5. Make sure everyone can use the service
Decision
The service was rated amber for point 5 of the Standard.
During the assessment, we didn’t see evidence of:
- testing the service with users with access needs or users of assistive software
- a plan of how to understand and meet the needs of ‘non-standard’ users and the use of assistive technologies, especially screen readers.
- how the team will ensure the private beta is conducted with an inclusive and varied range of users and how they will avoid sampling bias (i.e. users who have volunteered to participate in the private beta due to experience or interest in AI technologies)
- plans to understand the wider context of the users’ environment when using the service, to ensure that potential drivers of unintended consequences and risks are understood and mitigated.
- incorporating understanding of public perception of risk and trust into design and implementation decisions to identify and mitigate potential risks, e.g. reputational or unintended consequences.
- a wider understanding of the drivers of users’ resistance to using AI and the perceived risks, and the implications for design decisions, e.g. how can you design for user trust of the product?
- plans for review of content to meet user need, reduce cognitive load and support task completion.
6. Have a multidisciplinary team
Decision
The service was rated green for point 6 of the Standard.
7. Use agile ways of working
Decision
The service was rated green for point 7 of the Standard.
8. Iterate and improve frequently
Decision
The service was rated amber for point 8 of the Standard.
During the assessment, we didn’t see evidence of:
- specific plans for linking user needs, qualitative and quantitative data, to test hypotheses to drive product iteration with a performance framework to surface trade-offs, e.g. process efficiency and quality of output.
- plan for collecting data on prompts to achieve the desired outputs, and how to use this insight for iterating and improving prompt content and interface design.
- a plan to understand the range of users’ experience and users’ working practices and implications for design and implementation of the product.
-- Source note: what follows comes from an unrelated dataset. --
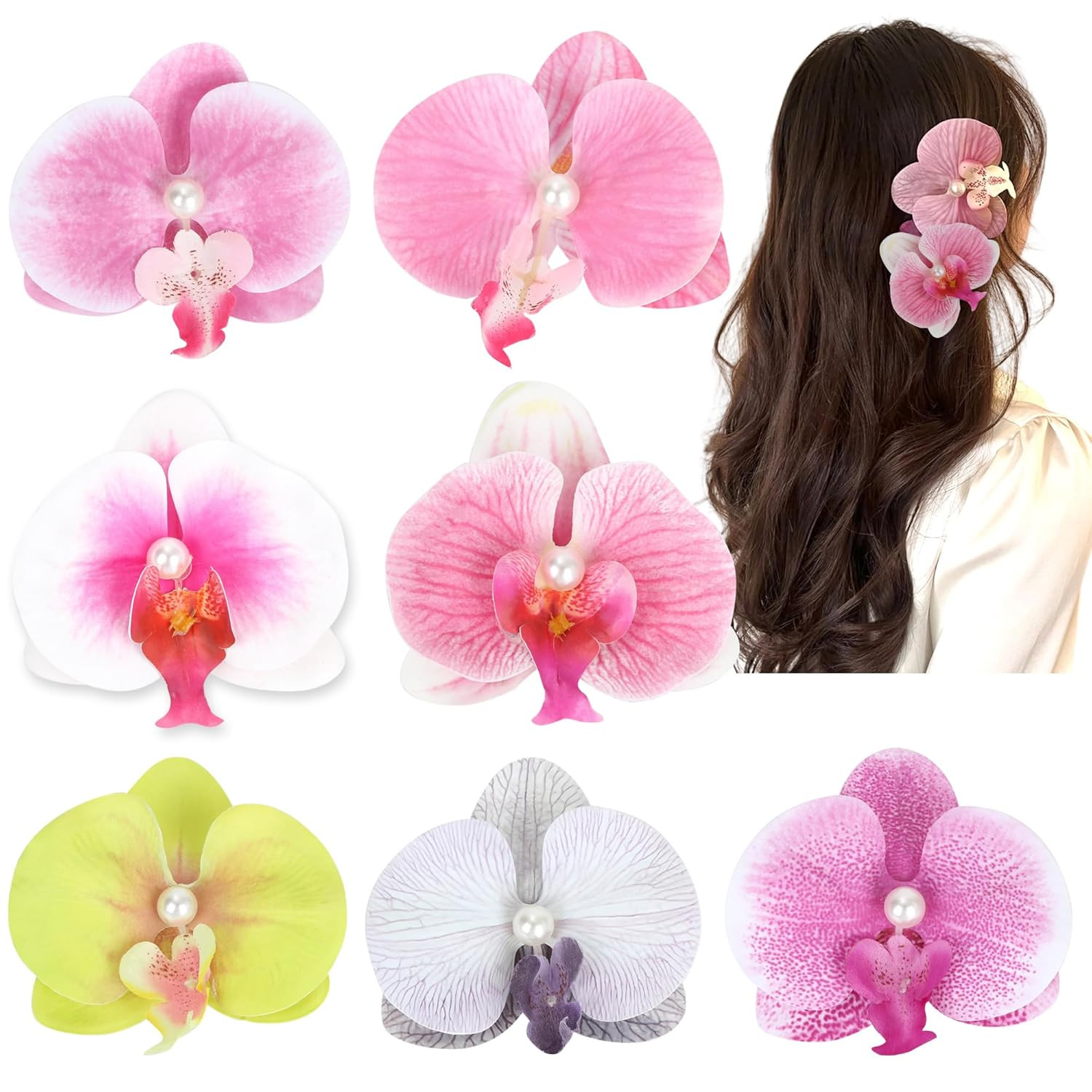 Hawaiian Flower Hair Clips 4 Inch Butterfly orchid Artificial Tropical Flower Hair Pins 7 Pieces ... | Amazon (US)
For example how does the wider job design and culture influence user behaviour of the product?
- plans for standardising the user peer review process for product outputs, so scaling and implementation to supports and drives QA, and how this peer review insight can be used to support product iteration.
- understanding of risky assumptions behind potential unintended consequences for use of the product, and linking this to the research approach and associated risk mitigation activities.
9. Create a secure service which protects users’ privacy
Decision
The service was rated green for point 9 of the Standard.
10. Define what success looks like and publish performance data
Decision
The service was rated green for point 10 of the Standard.
11. Choose the right tools and technology
Decision
The service was rated green for point 11 of the Standard.
12. Make new source code open
Decision
The service was rated green for point 12 of the Standard.
13. Use and contribute to open standards, common components and patterns
Decision
The service was rated green for point 13 of the Standard.
14. Operate a reliable service
Decision
The service was rated green for point 14 of the Standard.
Next Steps
This service can now move into a private beta phase, subject to addressing the amber points within three months time and CDDO spend approval.
To get the service ready to launch on GOV.UK the team needs to:
- get a GOV.UK service domain name
- work with the GOV.UK content team on any changes required to GOV.UK content the Standard that are rated amber within three months time and CDDO spend approval.